Le 29/07/2010 20:07, Simonson, Lucanus J wrote:
> Your interface seems a little off to me, not what I was expecting.

I have to agree, and add more to that.

What a spatial index does is fairly simple (to the user). Its interface
should be the same as that of std::multiset, but instead of using
operator<, it should use intersection (which, like std::multiset, should
have a default but be changeable to an arbitrary function object).
You're going to want to change std::multiset<T>::find slightly to allow
arbitrary types, not just T (often considered an arbitrary limitation
and defect by people), and to return a range instead of an iterator; and
you might want to lazily evaluate that range as well, hence providing
the incremental search you put on your to-do list.

The default intersection function would obviously be a generic one from
Geometry.
I'm not sure Geometry has such a generic intersection function; but if
it doesn't, that where it needs to be.

Volume queries, ray queries etc. don't need anything special. They
should work with the generic intersection function just like the rest,
no need to special case anything.

There is no need to introduce any new point/object concept, nor new nD
containers. The spatial index should assume the very least information
it needs in order to be truly generic.

All the implementation details you might need should be in Geometry, and
the default intersection function should be from Geometry as well (if
they're not, that's where they should be anyway), so I don't see why you
would want to make it a separate library, except out of craziness.

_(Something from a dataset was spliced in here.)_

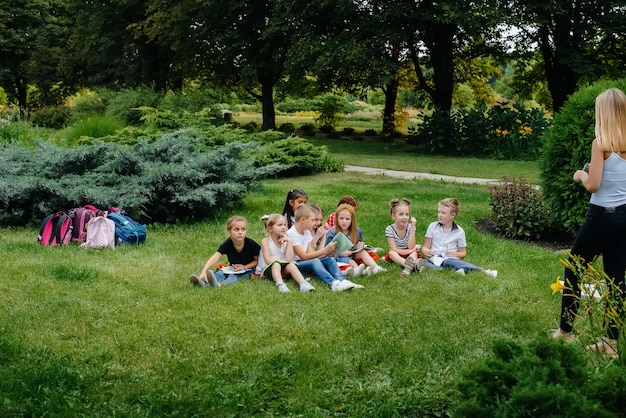 Een leraar geeft les aan een klas kinderen in een openluchtpark. Terug naar school, leren tijdens de pandemie.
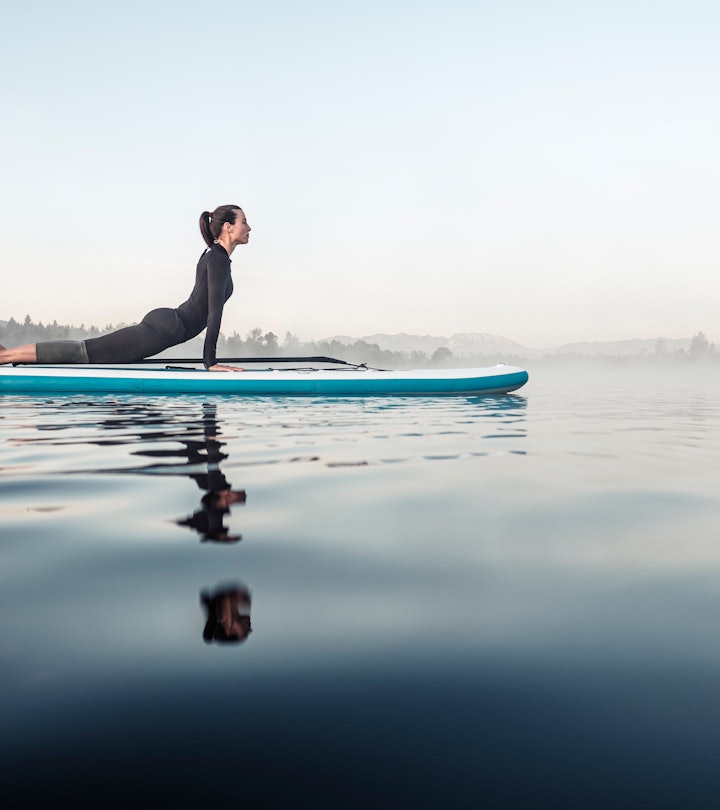 woman stretching and balancing on a paddle board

Dynamic typing should not be the responsability of the index, so it
should work with objects of type T, not pointers, and let the user deal
with polymorphism, if he needs it, by instantiating the index with smart
pointers or type erasure types.
Memory allocation is purely dealt with by the allocator, so seeing "use
of pool allocators" in the to-do list worries me.

I would also like to see an intrusive version of the index, that doesn't
do any memory allocation. The non-intrusive version can be built on top
of the intrusive one, but the opposite isn't possible.

So my opinion is that the whole design is done utterly wrong at the moment.
I personally won't consider using it or promoting unless it is exactly
as I described (intrusive support is optional).